Quentin Tarantino Says Final Film Will Be an ‘Original’ Script

Quentin Tarantino’s final film will be a wholly original work, says the auteur.

During Tarantino’s “Cinema Speculation” book tour in New York City, the “Once Upon a Time in Hollywood” writer/director revealed during a discussion with Elvis Mitchell that he was tempted to adapt Elmore Leonard’s “Stick” for the big screen. Tarantino previously adapted Leonard’s “Rum Punch” and reimagined it as “Jackie Brown.”

“Stick” also inspired the Cliff Booth character in “Once Upon a Time in Hollywood,” played by Oscar winner Brad Pitt.

Instead Tarantino’s “magnum opus” will be an entirely original work, which seems to rule out a third “Kill Bill” movie that has been long-rumored.

Tarantino announced in 2020 that he was looking to retire as a director and cap off his film career at the number 10. The “Reservoir Dogs” filmmaker teased a “mic drop” movie, with ideas ranging from “Kill Bill 3” to a Spaghetti Western, horror film, or comedy.
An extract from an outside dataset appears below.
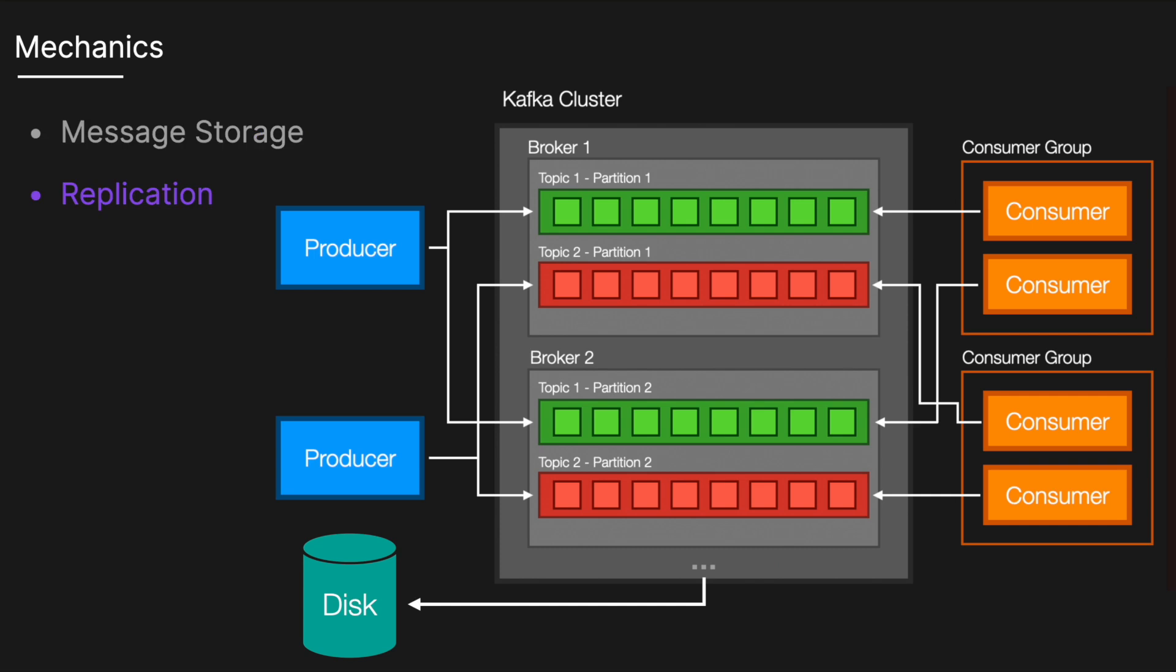For fault tolerance, Kafka replicates data across multiple brokers. Each partition has one leader and zero or more followers. If a leader fails, a follower automatically takes over.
Now, Tarantino admitted the question of what his 10th and final film will be bothers him, especially with streaming existing as a grey zone for filmmakers. Tarantino wondered what cinema is if not in a movie theater? He continued that a 30-day theatrical window before debuting on a streamer would “diminish [his] returns” on a feature film, and implied that a streaming film would not really count as a final feature.

During a recent SiriusXM interview with Howard Stern, Tarantino called “Once Upon a Time in Hollywood” his “best movie” to date.

“For years people used to ask me stuff like that,” the “Pulp Fiction” Oscar winner said. “And I would say something like, ‘Oh, they’re all my children.’ Then I would change it to, ‘Well, it kind of depends on when you ask me. If you ask me one year, or one moment, I could say, oh, ‘Kill Bill.’ Another one I could say something else.’ [But] I really do think ‘Once Upon a Time in Hollywood’ is my best movie.”

Tarantino previously admitted that flop “Grindhouse” was probably “a case of being a little too cool for school.”

“I think me and Robert [Rodriguez] just felt that people had a little more of a concept of the history of double features and exploitation movies. No, they didn’t. At all,” Tarantino told Empire magazine in 2020. “They had no idea what the fuck they were watching. It meant nothing to them, alright, what we were doing. So that was a case of being a little too cool for school.”

Up next, Tarantino announced he is helming an eight-episode limited series.